Companies may not drag out first-contract bargaining indefinitely. If the two sides cannot reach a contract within 90 days, either one may request mediation from federal mediators. If mediation doesn’t work, they go to binding arbitration.
Supporters counter that union-won higher wages are exactly what the economy needs. After all, the debt-driven economy has utterly failed.
BALANCE OF POWER WINS
But in the end, the arguments don’t matter. The bill that passes will reflect the balance of power between business and labor. If EFCA is gutted, or fails to pass at all, it will be because not enough Senators were convinced it was in their interests to vote the right way.
How have labor and other movements in the past persuaded reluctant politicians to vote our way? By creating enough turmoil in the streets that legislators know they’d better do something.
The civil rights movement, the anti-Vietnam war movement, the worker upheavals of the 1930s—all led Washington decision-makers to do things they didn’t want to do.
It’s possible to admire labor’s efforts for two million petition signatures for EFCA and still ask, if this is the fight of a lifetime, why aren’t we acting like it?
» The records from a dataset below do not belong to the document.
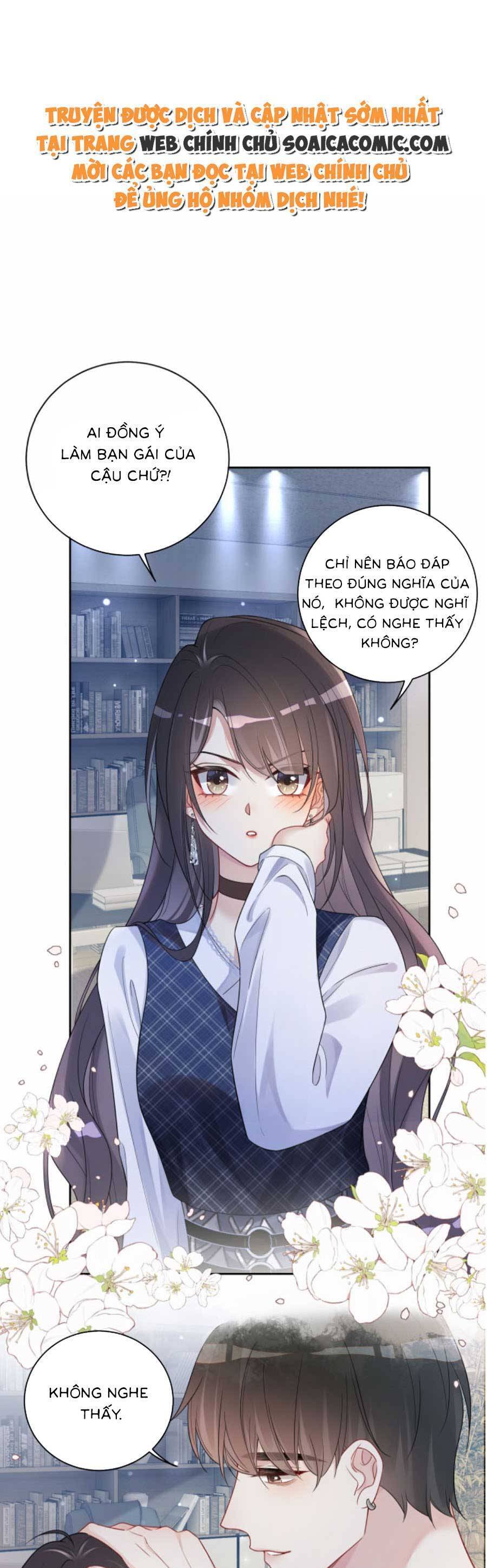 Bệnh Kiều Nam Chủ Lại Ghen Rồi Chap 35 - Next Chap 36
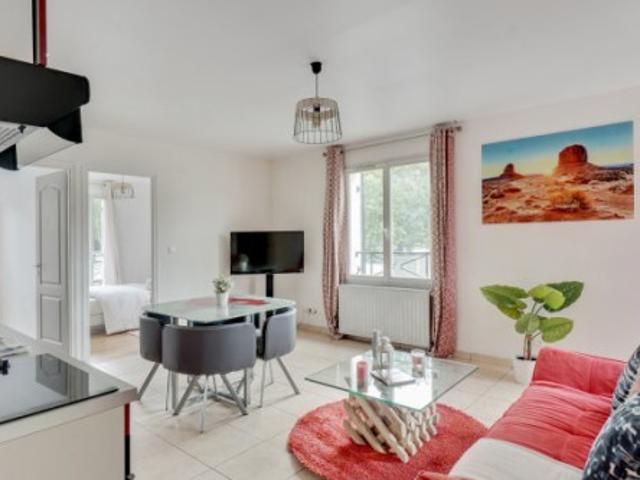 Appartement location à Saint-Denis, Aubervilliers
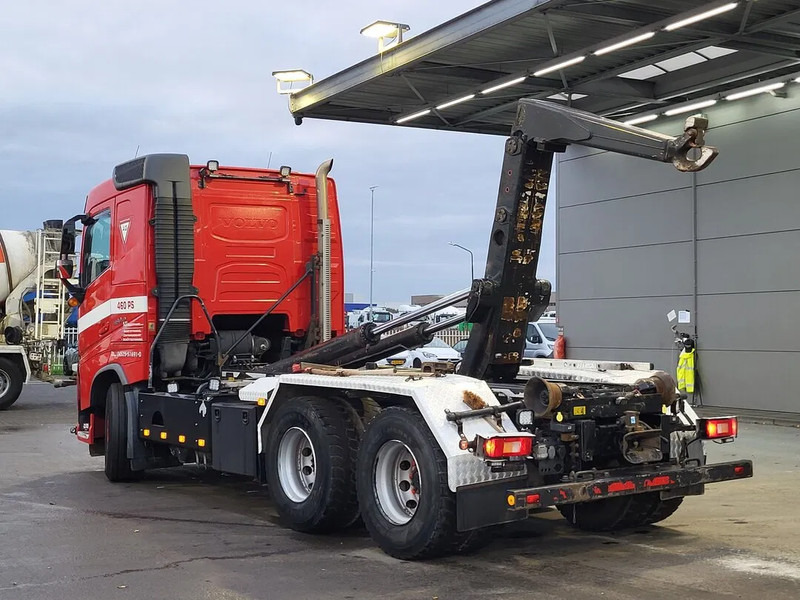Volvo FH 460 - Camion con sistema di cavi: foto 4 Volvo FH 460 - Camion con sistema di cavi: foto 4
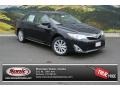 2014 Cosmic Gray Metallic Toyota Camry Hybrid XLE  photo #1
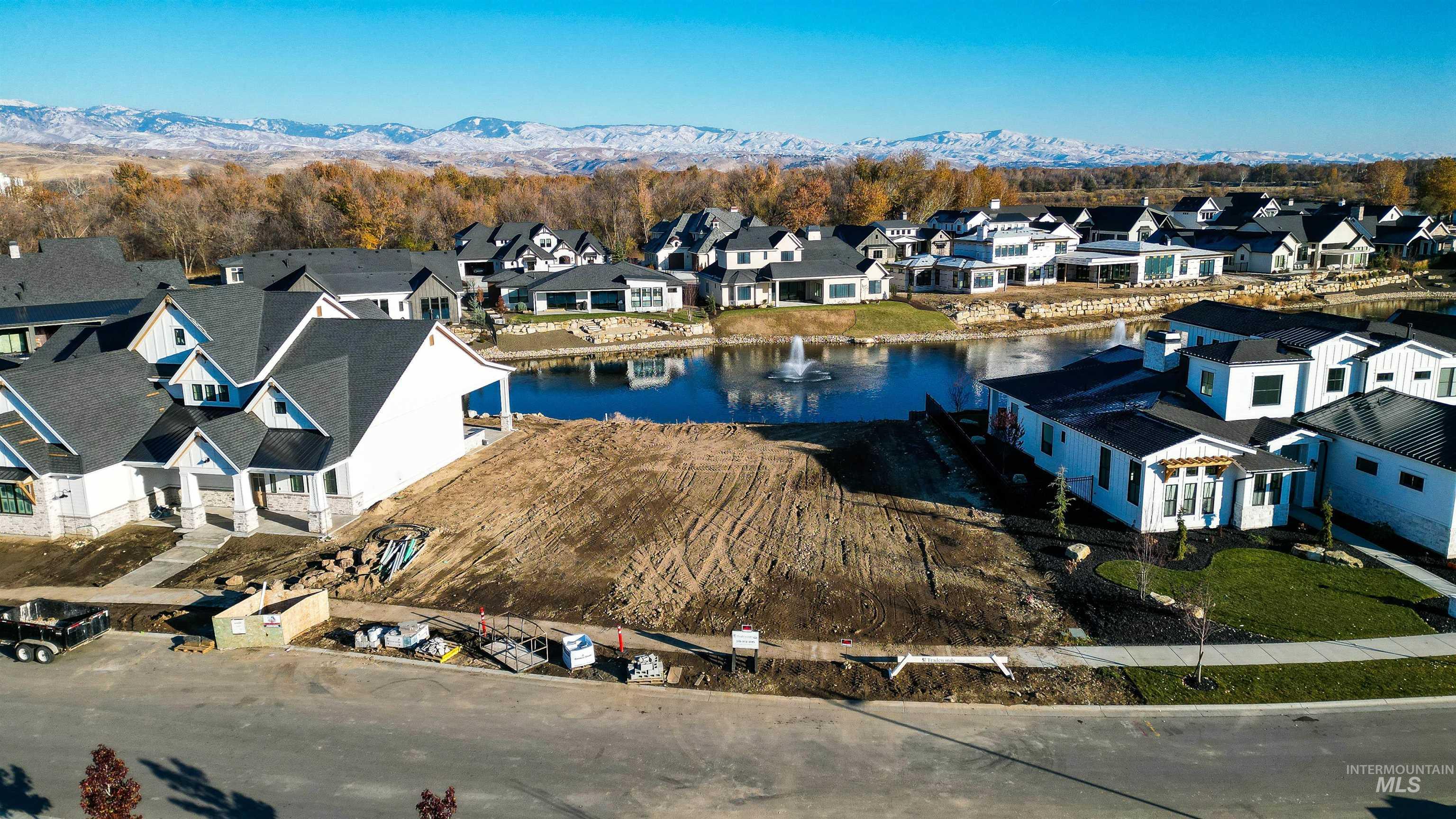 1800 S Lago Way, Eagle, Idaho 83616, Land For Sale, Price $525,000, 98864026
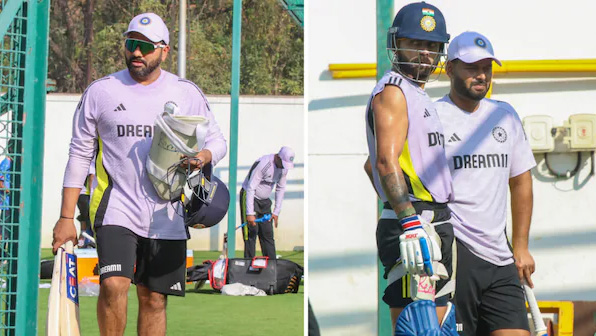 ನಾಳೆಯಿಂದ ಭಾರತ VS ಇಂಗ್ಲೆಂಡ್ ನಡುವಿನ ಏಕದಿನ ಸರಣಿ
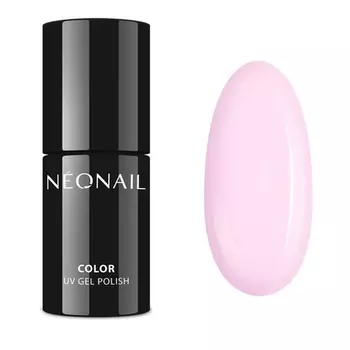 Лак для ногтей Neonail French Pink Medium UV Led UV 7,2 мл, Nonail
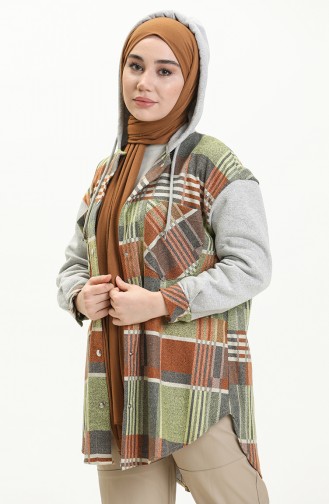 Beige Tunikas 0009-04
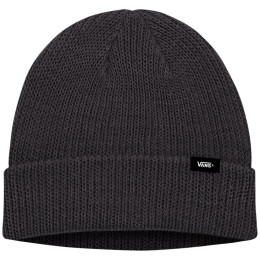 Mütze Vans Core Basic Cuff Beanie schwarz Black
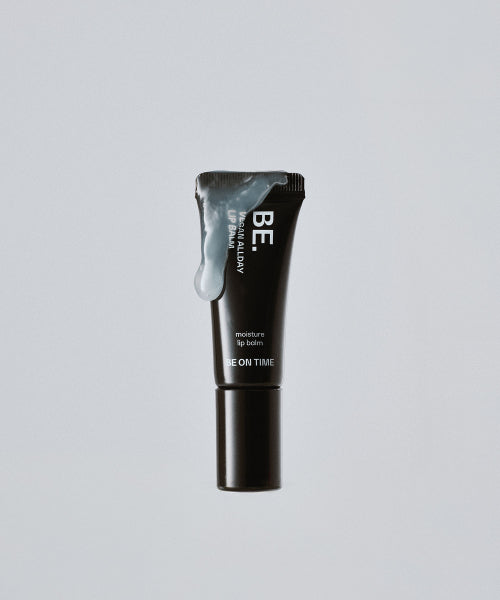 BEONTIME BEONTIME Black Edition Vegan All Day Lip Balm Mini 5g
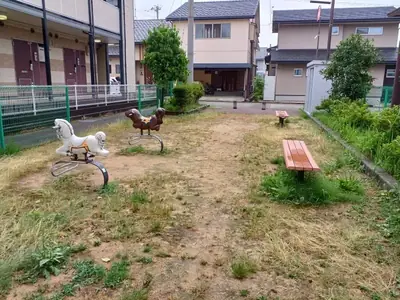 城南２丁目小公園の写真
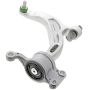 MEVOTECH CTXMS251240 Suspension Control Arm and Ball Joint Assembly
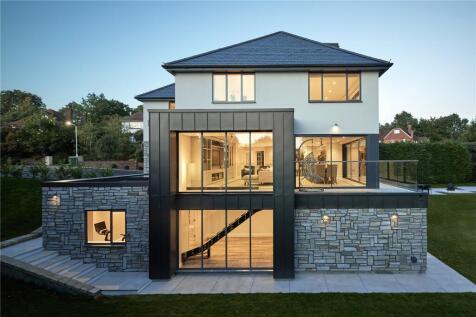 Rear Elevation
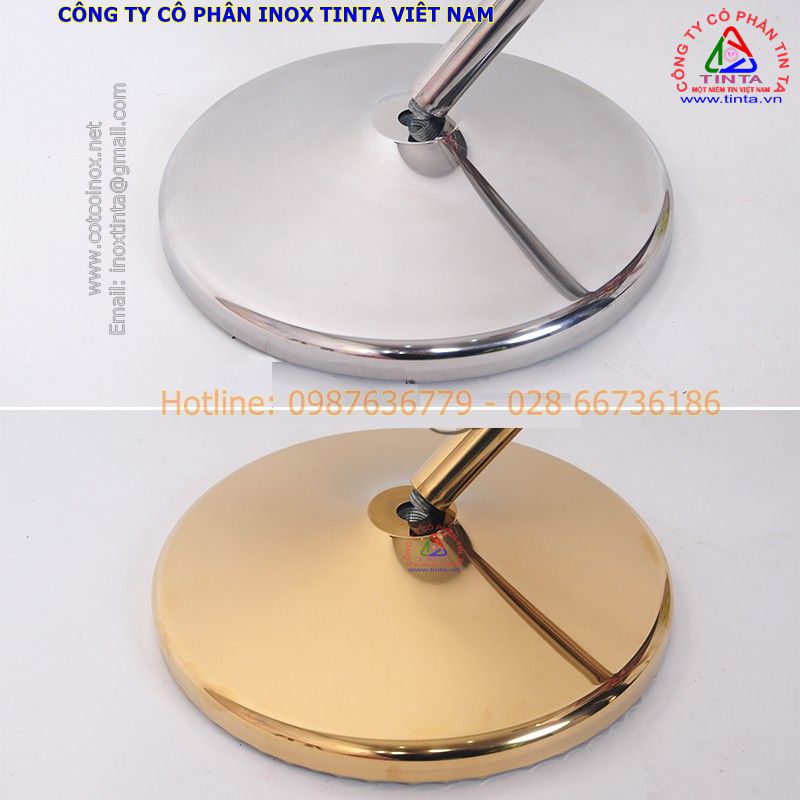 Vệ sinh cột cờ bằng khăn mềm như khăn tay em bé giúp bảo quản bề mặt inox và lớp xi mạ tốt hơn, giữ cho sản phẩm luôn mới và bền bỉ theo thời gian.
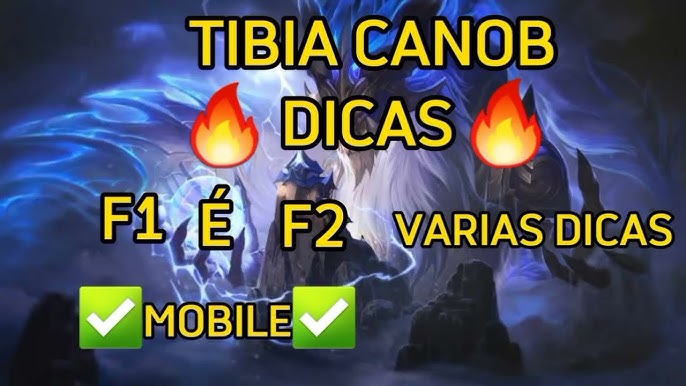 Tibia Canob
Could the energy unions channeled for Obama last fall be reawakened for creative actions in 2009? For a huge march on Washington, for civil disobedience at senators’ offices, for informational picket lines outside the corporations bankrolling the bosses’ campaign, like Home Depot?
Less than three years ago, immigrant workers—most of them not union members—pulled a one-day national strike, bringing more than a million workers, families, students, and supporters into the streets in the largest series of demonstrations our country has ever seen. They were fighting for survival. So is the union movement. This is not the time to be timid.